Romeo and Juliet, individually and together, struggle between their virtuous and lower natures. Together their love drives them to be virtuous, loyal, honorable, and kind, but their passionate nature also corrupts their purity. Romeo fails to stop the fight between Tybalt and Mercutio, and he gives in to his rage and kills Tybalt. Juliet gives in to her passions and allows them to lead her to deceitfulness. Having lost their internal struggles to the negative side of their natures, they can only come to a tragic end. Their love is ultimately poisonous to them; it does not save them, "death eats up the plant," and the earth becomes their tomb.

Sun and Moon

The sun and moon symbolize constancy and fickleness. The sun's regular rising and setting are a steady reminder of how people's love should be manifested. The moon, on the other hand, waxes and wanes, making it a suitable opposite for the sun. Tension between the two depictions helps the audience understand the main characters— especially Juliet—whom Romeo compares to the sun.
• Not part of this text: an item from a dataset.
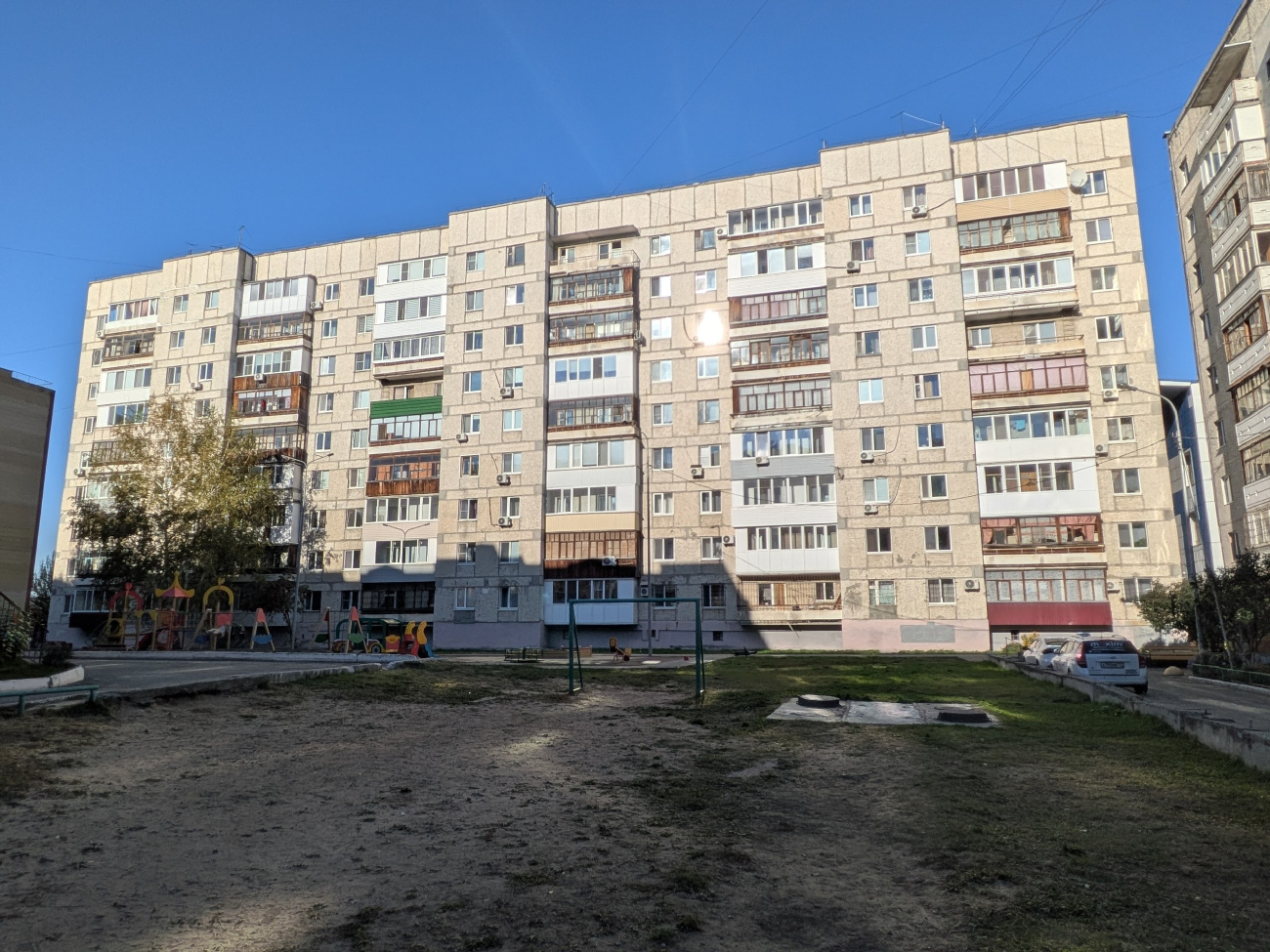 Тюмень, Таллинская улица, 5
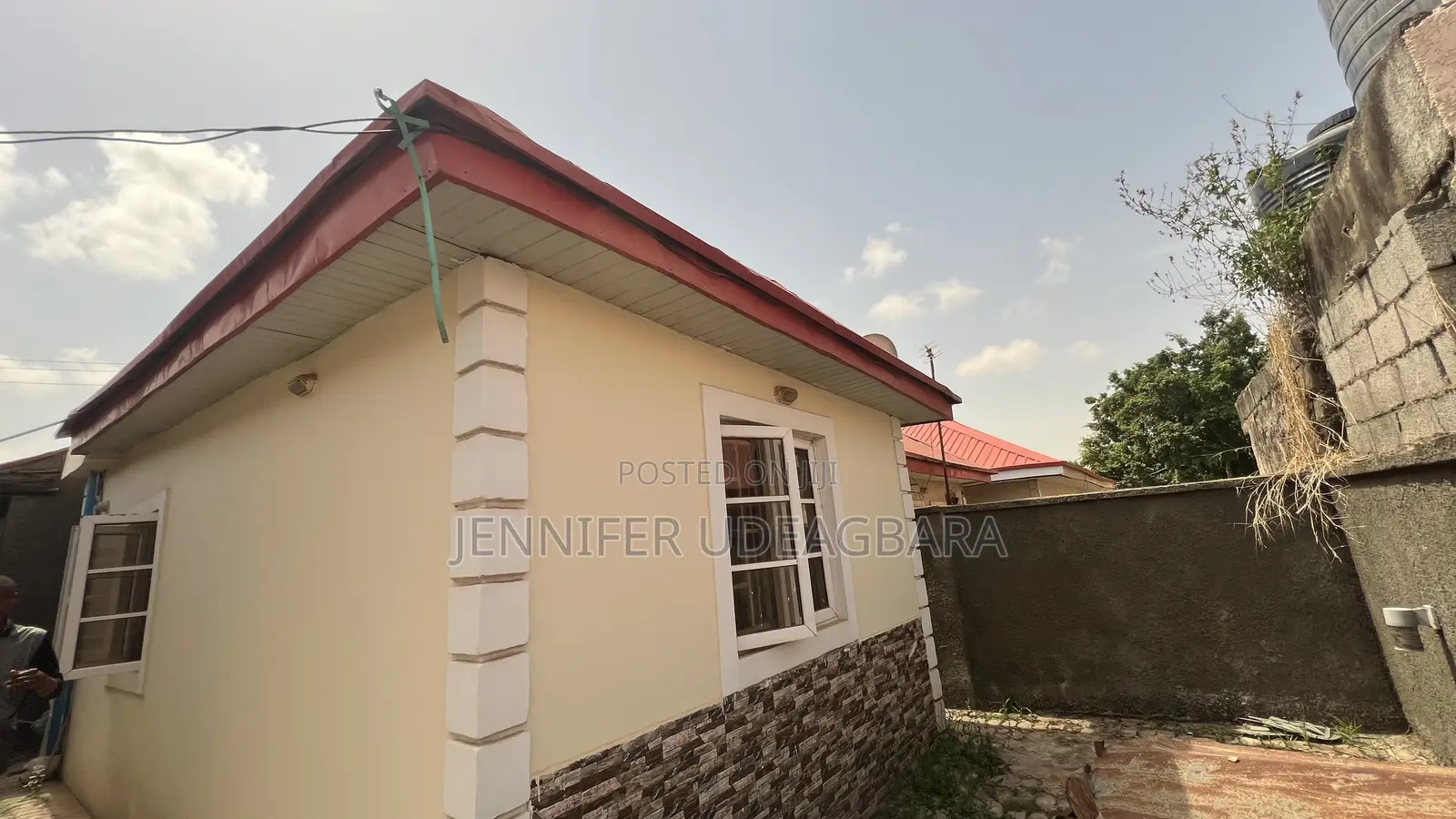 1bdrm Bungalow in Minfa Estate, Lokogoma for rent in Lokogoma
Romeo and Juliet's classic scene takes place in moonlight, with Juliet on a balcony and Romeo below, under "night's cloak." Romeo says Juliet is radiant like the sun, and when Romeo tries to swear by the moon, Juliet says he should not swear by the "inconstant moon" but rather by himself. Afraid that he will wake up and realize that his time with Juliet has been a dream, Romeo says, "O blessed, blessed night! I am afeard,/Being in night, all this is but a dream." The unreliable moonlight makes him question the truth of what is happening.